* **SUPPLIED INFORMATION**:
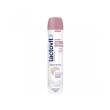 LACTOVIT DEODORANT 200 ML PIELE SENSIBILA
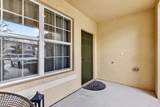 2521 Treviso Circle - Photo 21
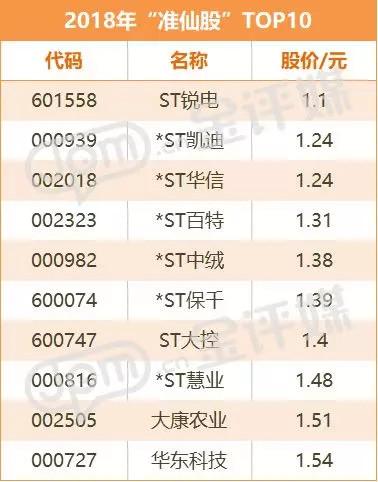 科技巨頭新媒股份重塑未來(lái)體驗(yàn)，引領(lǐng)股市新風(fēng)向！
==
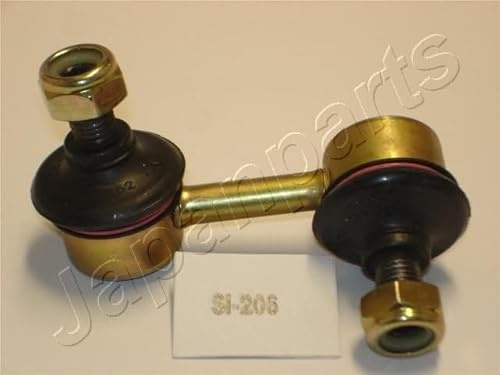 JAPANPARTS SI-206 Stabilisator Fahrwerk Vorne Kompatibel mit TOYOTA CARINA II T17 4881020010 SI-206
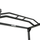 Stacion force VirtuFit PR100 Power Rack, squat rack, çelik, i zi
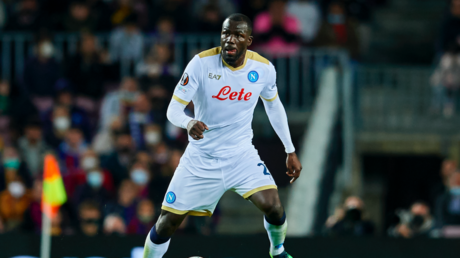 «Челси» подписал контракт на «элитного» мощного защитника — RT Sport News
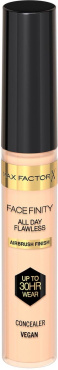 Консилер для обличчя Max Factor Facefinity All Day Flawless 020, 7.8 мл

* **WORK ITEM**:
Give back exactly the lines above that run from the one with "LACTOVIT DEODORANT 200 ML PIELE SENSIBILA" to the one with "科技巨頭新媒股份重塑未來(l", including both, with the pictures left out.

* **SOLUTION BELOW**:
 LACTOVIT DEODORANT 200 ML PIELE SENSIBILA
 2521 Treviso Circle - Photo 21
 科技巨頭新媒股份重塑未來(lái)體驗(yàn)，引領(lǐng)股市新風(fēng)向！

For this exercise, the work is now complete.